İşte Ahmet Turan Alkan’ın duruşmadaki ifadesi:
‘BEN ZAMAN YAZARIYIM’
“Bir insanın ömründen cebren gaspedilen 500 gün asla hafife alınamaz. Siz benden çok daha iyi farkındasınız, herkes farkında. Bu dava hukukta tarif edilen bir cürmün eseri olarak açılmadı. Bu dava bir intikam hırsının, bir siyasi hıncın eseri. Biz bu hırs ve hıncın saikiyle sanık olarak ifade veriyoruz. Bu kadar hafif ve ciddiye alınamayacak ithamlarla sıradan bir insanın hayatından 500 gün çalmak bu kadar kolay mı? Cevap veriyorum; evet, hukuk devleti olan Türkiye Cumhuriyeti’nde bu iş bu kadar kolay. Benim hayatımla, şerefimle, meslekî onurumla oynamak bu kadar ucuz mu? Evet, burada öyle. Her çıkan “Ben aslında gazeteye yazı yazmayacaktım, önünden geçerken herhalde yazar gibi göründüm” gibi ifadeler veriyor. Ben 20 yıldır yazdım. Zaman gazetesinin yazarıyım. Kayyım gelinceye kadar da yazdım. İnandığım şeyleri yazdım. Ne Erdoğan’a ne Gülen’e angajmanım yoktur. Bununla onur duyuyorum.”
“Bu tavrım evlatlarıma torunlarıma bırakacağım en manidar mirastır”
Alkan şöyle devam etti: “Bu tavrım benim evlatlarıma torunlarıma bırakacağım en manidar mirastır. Çünkü hapisten sağ çıkıp çıkmayacağımı bilmiyorum. Mağduriyetimiz devletin hangi yarasına merhem oluyor? Benim hapse atılmam ile nasıl bir kamu yararı istishar edilmiş oluyor?”
“Uğruna nota verilecek derecede makbul olan Reza kadar hukukum yokmuş devletin nazarında”

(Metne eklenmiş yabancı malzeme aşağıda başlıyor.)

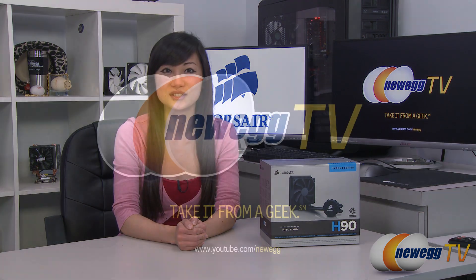That wraps up our overview on this Corsair Hydro Series H90 all-in-one liquid cooling system. I'm Joanne, and if you enjoyed this video, be sure to subscribe to our Newegg YouTube channel. Thanks for watching Newegg TV, and we'll see you next time!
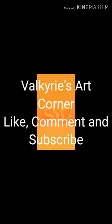Welcome back to Valkyries Art Corner. Remember to like, comment, and subscribe and hit the bell for notification when my new videos come out.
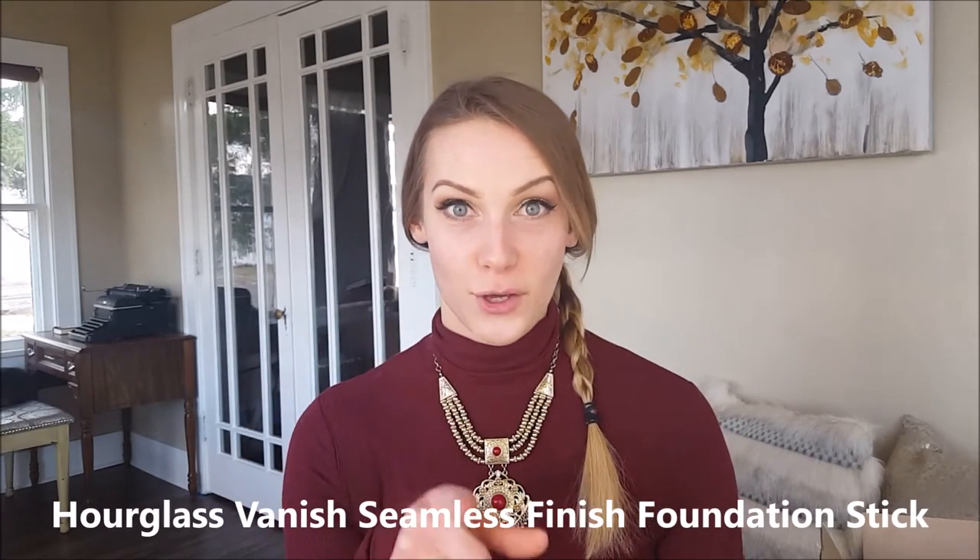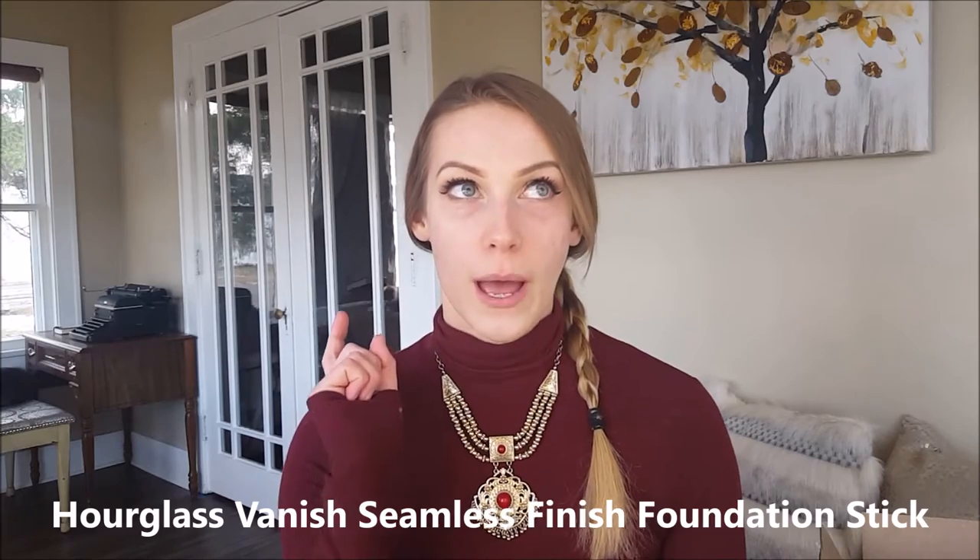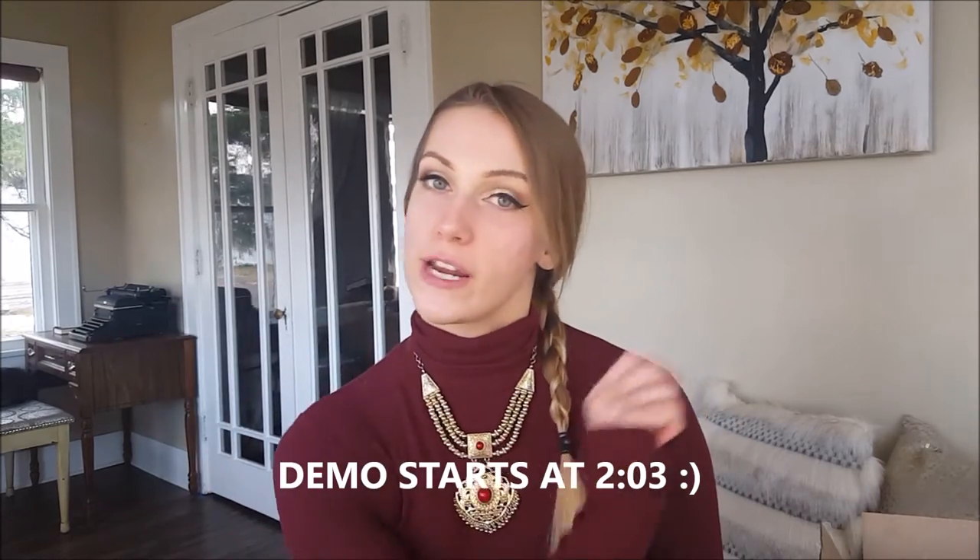Hi guys! So today we are doing another foundation review. This was requested by one of you in my AOA Studio brush 10-piece set review, which I will link up over here.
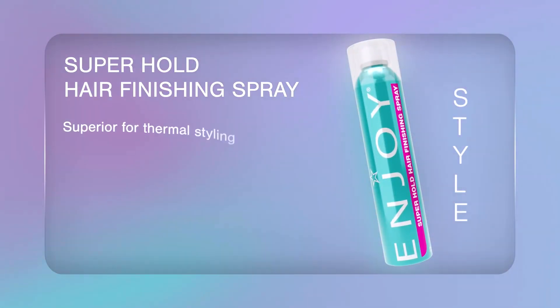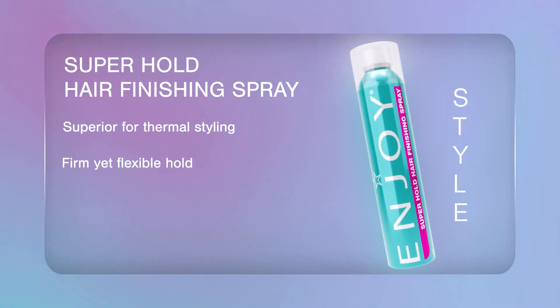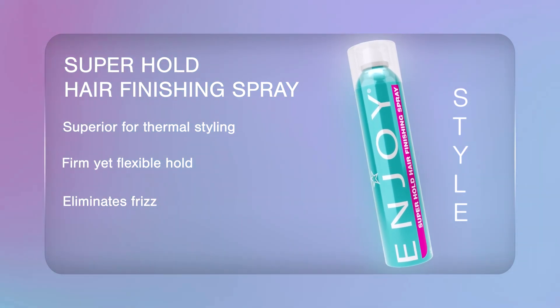The Enjoy Super Hold Hair Finishing Spray is for stunning styles that will stand the test of time. Its advanced formula provides excellent thermal protection while also blocking out humidity. The spray offers a firm yet flexible hold that gives every style the volume and control it deserves, while eliminating frizz for a smooth finish.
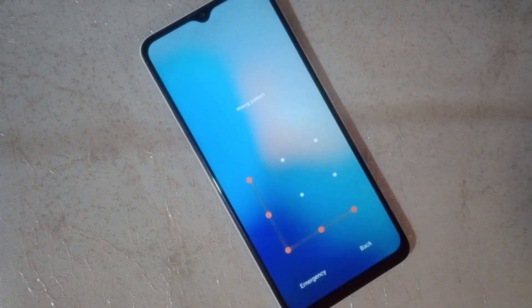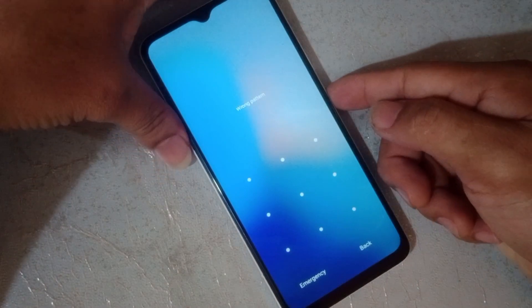How to unlock password, just follow me. Turn off the device first.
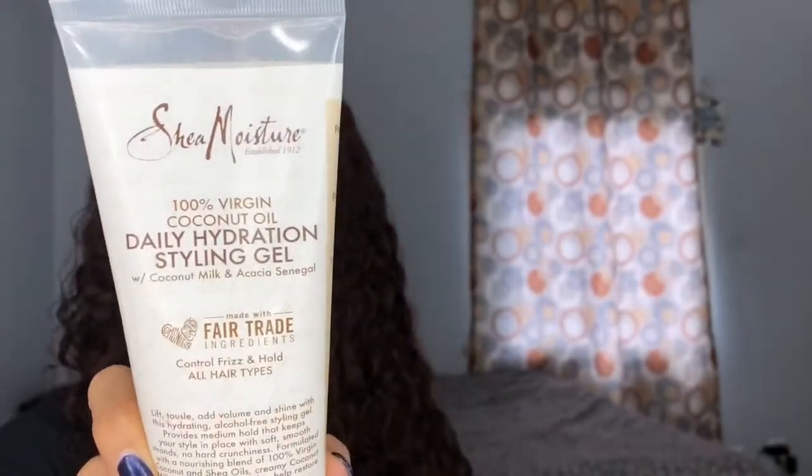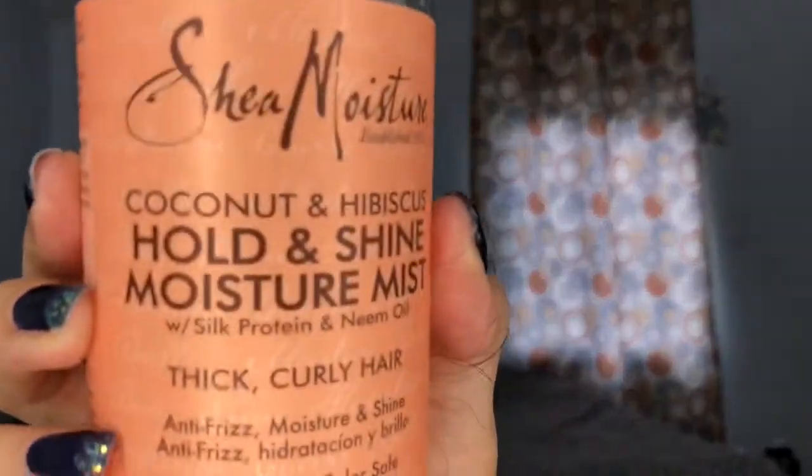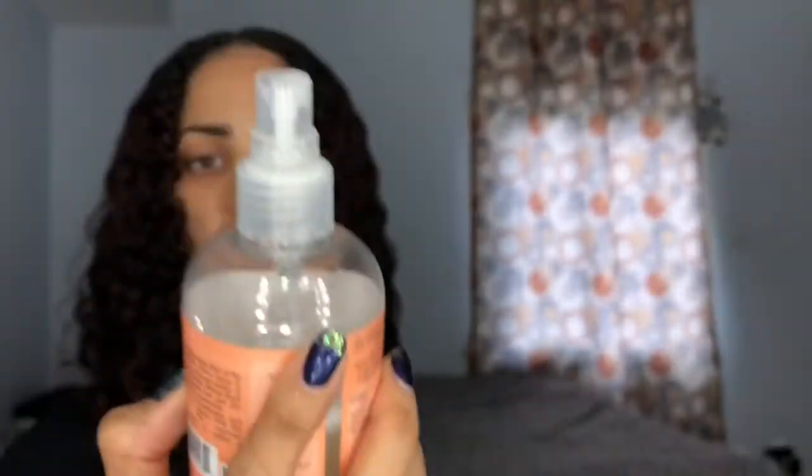Now I'm going to use their daily hydration style gel. Next I'm going to use the curl and shine moisture mist — I'll use my coconut hibiscus.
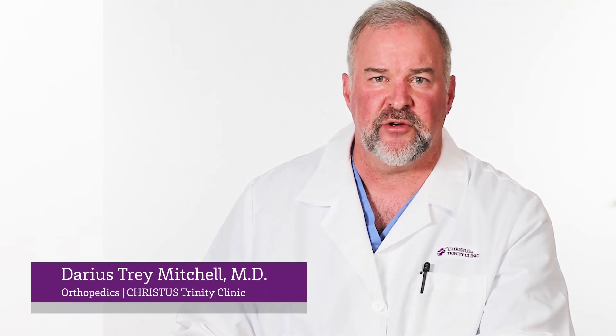Hello, Trey Mitchell here at the Trinity Clinic, an orthopedic surgeon. I want to talk to you about options for your anterior cruciate ligament in your knee.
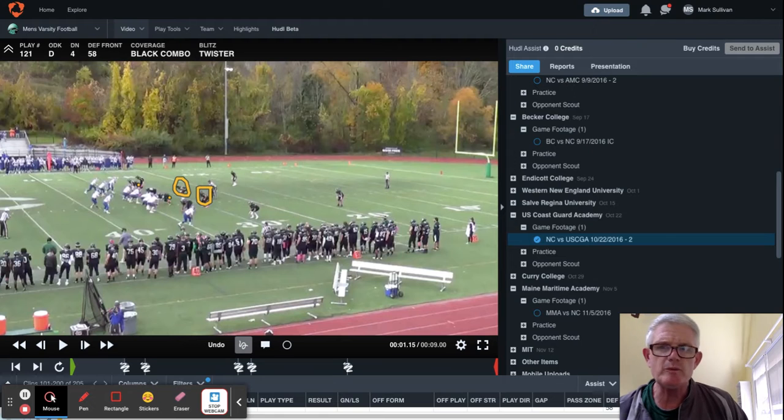So we're in what's called black combo — cover black is two deep man under — but we're in a combo because of the bunch situation. Coast Guard had the tendency that year in 10 personnel grouping in these situations to go into a bunch set. So I called cover black and our players added combo when they saw the bunch — in this case, bunch tight — and that's all there is to it.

“Belki malumatınız yok, bize 500 gündür ağır tecrit uygulanıyor. Bize vatan haini muamelesi yapılıyor, bu resmî bir tutum. Şunu yapmamı istiyor; içerde akıl sağlığımı kaybedeyim. Benim kafayı oynatmamı bekleyen devletime dargınım, küskünüm. Benim ve bizlerin üzerinden muhalif gazetecilere gözdağı verilmek istendiğini gayet iyi biliyoruz. En iyi örnek biziz, Zaman gazetesi yazarları sahipsiz. Kimse bize sahip çıkamıyor, öyle bir damga yedik ki ‘feto’cu diye. Diyorlar ki AİHM bilmem ne kadar tazminat verecekmiş. Ne yapayım ben tazminatı? Bir hafta öncesine kadar uğruna nota verilecek derecede makbul olan Reza kadar hukukum yokmuş devletin nazarında. Herkes biliyor ve itiraf edemiyor, yargı ağır baskı altında. Bu iktidar hiçbir siyasi yanlışını sahiplenmedi, hepsinin vebalini başkalarına yıktı.”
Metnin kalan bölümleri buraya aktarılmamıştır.